Short descriptive text snippets:
((
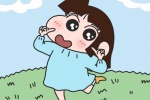 Crayon Shin-chan's cute avatar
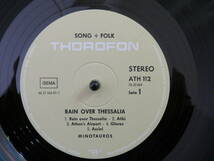 MINOTAUROS/Rain Over Thessalia（ドイツ：THOROFON ATH 112）'72_画像3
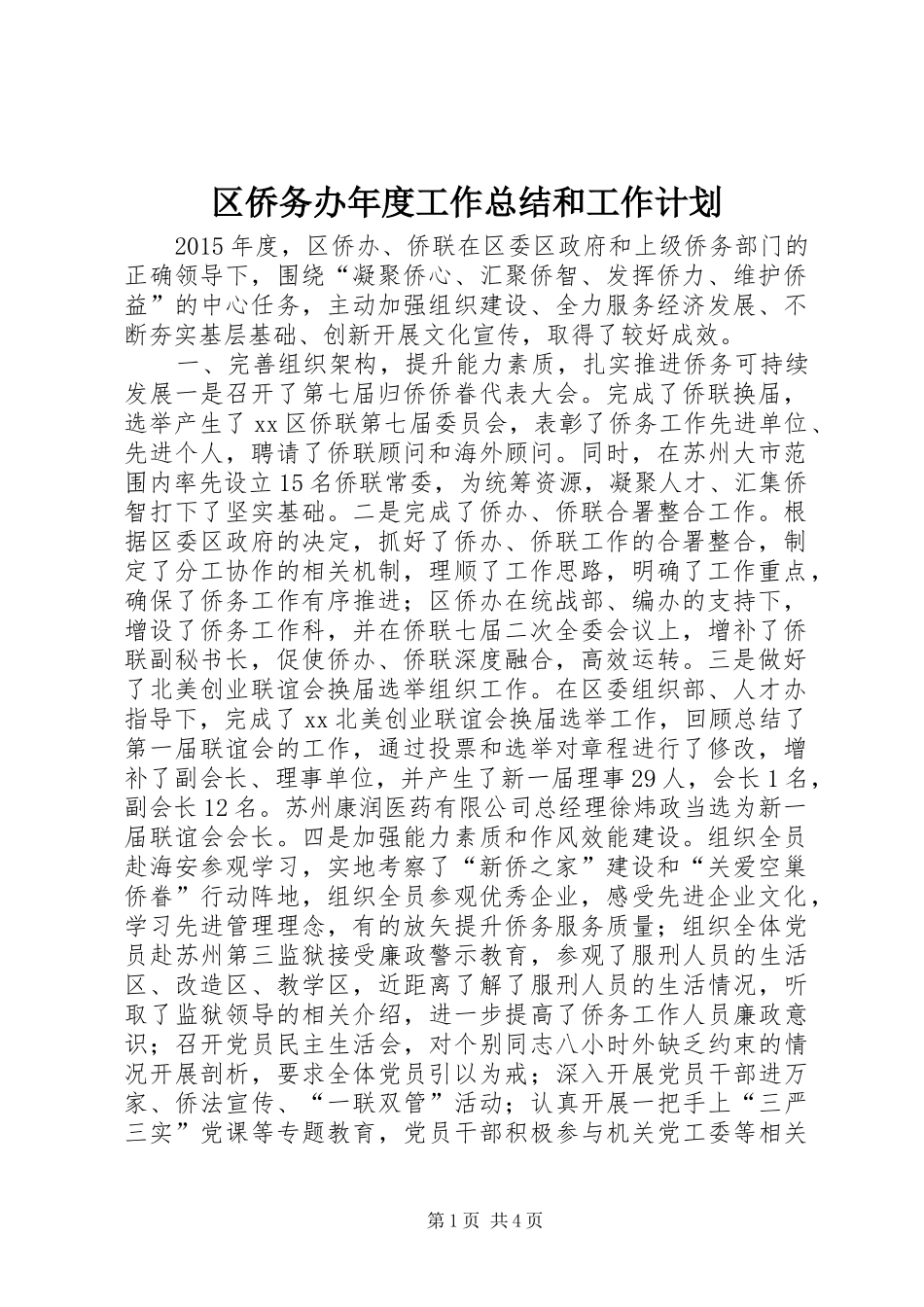 区侨务办年度工作总结和工作计划_第1页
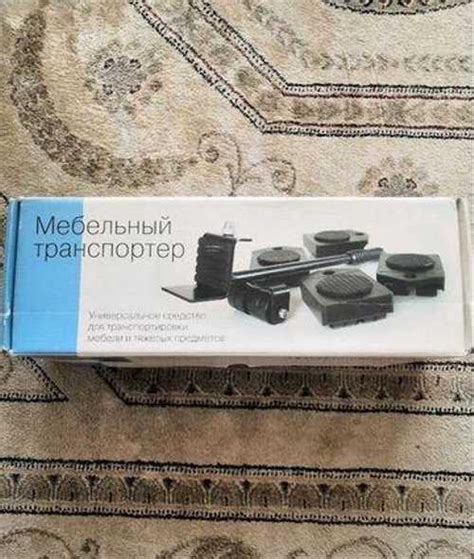 Мебельный транспортер | Festima.Ru - Мониторинг объявлений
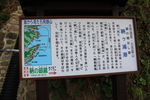 世界遺産・石見銀山遺跡・鞆ヶ浦港の説明板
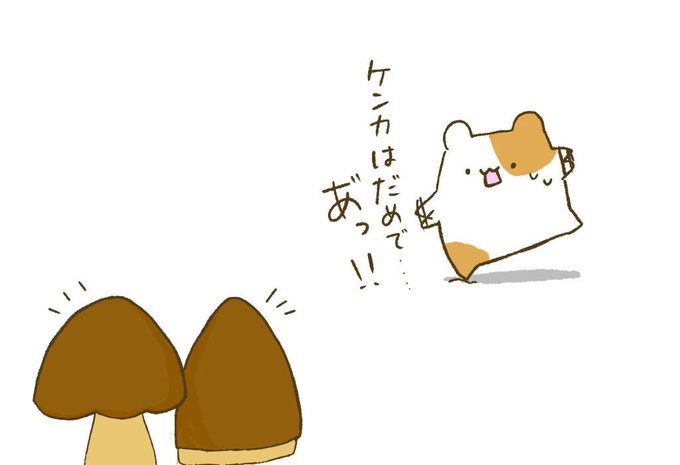テンパりハムさんのtwitterイラスト検索結果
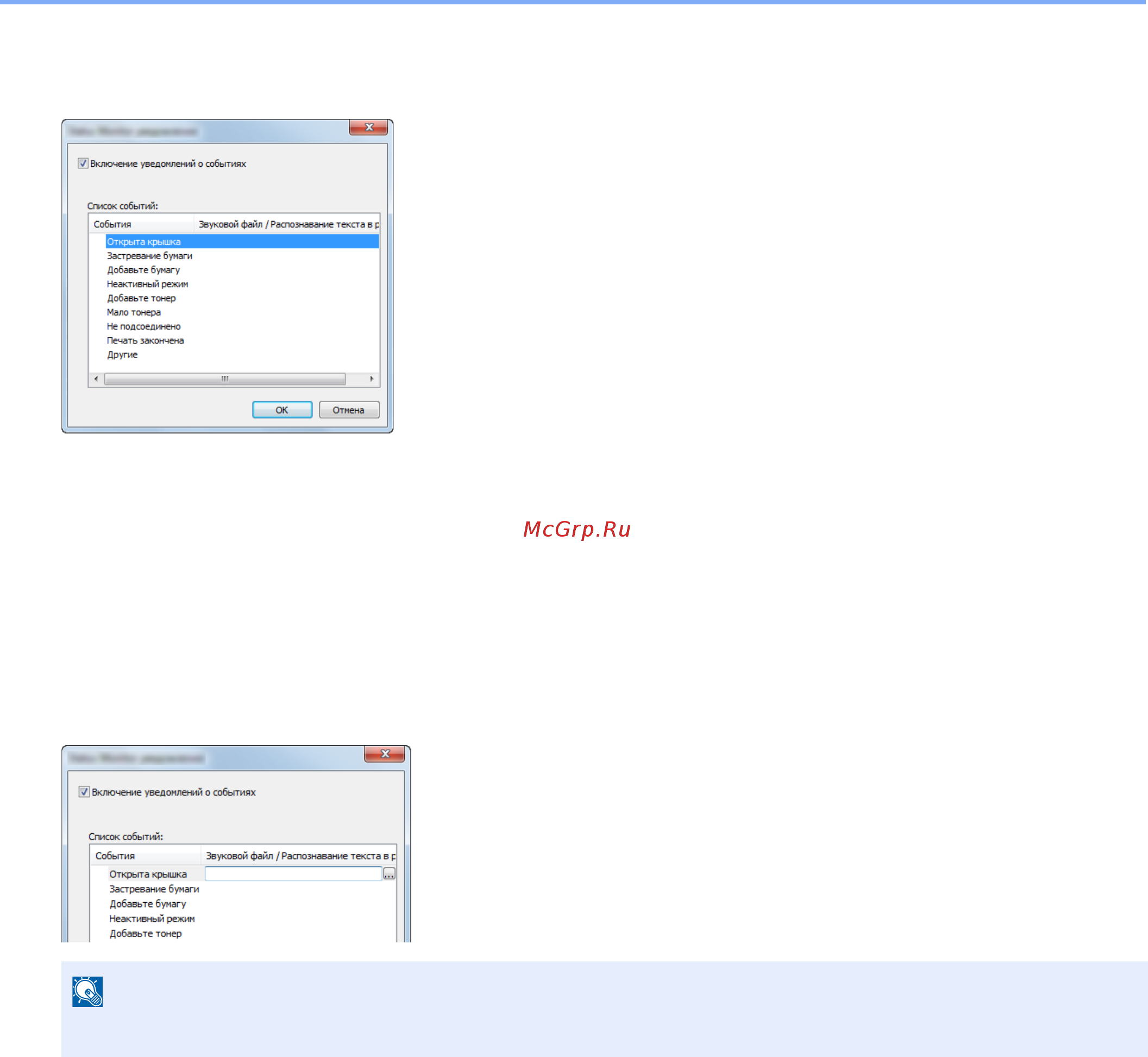Kyocera ECOSYS M8130cidn [206/544] Настройки уведомлений status monitor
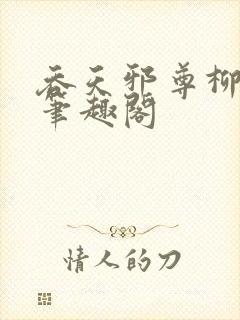 吞天邪尊柳无邪笔趣阁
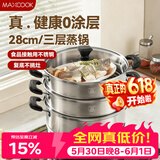 美厨（MAXCOOK）三层蒸锅28CM 不锈钢蒸锅加厚复底蒸煮两用 燃气电磁炉通用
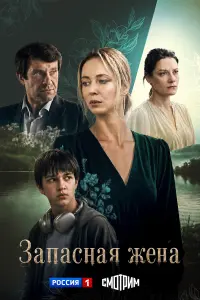 Светлана Смирнова-Марцинкевич, Сергей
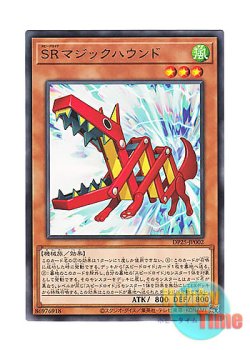 画像1: 日本語版 DP25-JP002 Speedroid Ultra Hound SRマジックハウンド (レア)
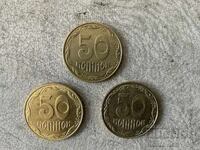 Ukraine 50 kopiykas 2007, 2018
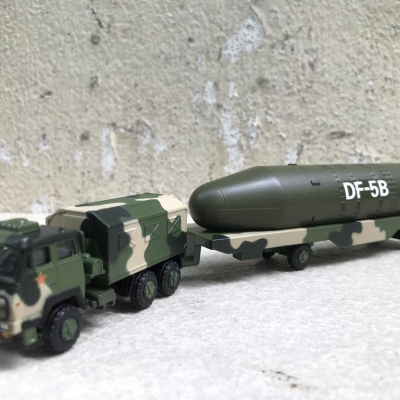 Mô hình Tên lửa đạn đảo liên lục địa DF-5B tỷ lệ 1:100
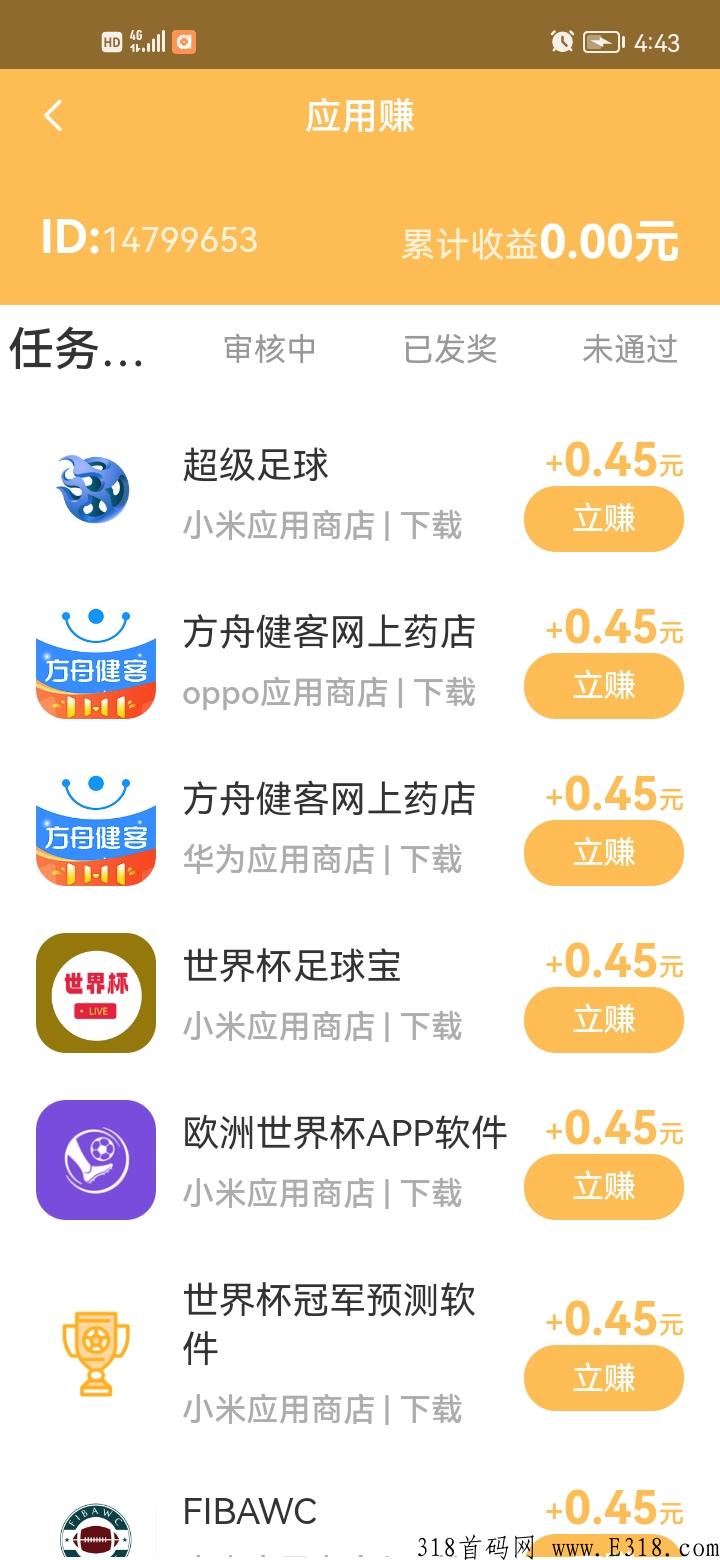 多趣宝盒，下载就能得奖励，一米即可提现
))
◆ **Instructions for the task**:
Exactly as written, return each line above and leave the pictures behind.

◆ **Completed task**:
 Crayon Shin-chan's cute avatar
 MINOTAUROS/Rain Over Thessalia（ドイツ：THOROFON ATH 112）'72_画像3
 区侨务办年度工作总结和工作计划_第1页
 Мебельный транспортер | Festima.Ru - Мониторинг объявлений
 世界遺産・石見銀山遺跡・鞆ヶ浦港の説明板
テンパりハムさんのtwitterイラスト検索結果
Kyocera ECOSYS M8130cidn [206/544] Настройки уведомлений status monitor
 吞天邪尊柳无邪笔趣阁
 美厨（MAXCOOK）三层蒸锅28CM 不锈钢蒸锅加厚复底蒸煮两用 燃气电磁炉通用
 Светлана Смирнова-Марцинкевич, Сергей
 画像1: 日本語版 DP25-JP002 Speedroid Ultra Hound SRマジックハウンド (レア)
 Ukraine 50 kopiykas 2007, 2018
 Mô hình Tên lửa đạn đảo liên lục địa DF-5B tỷ lệ 1:100
 多趣宝盒，下载就能得奖励，一米即可提现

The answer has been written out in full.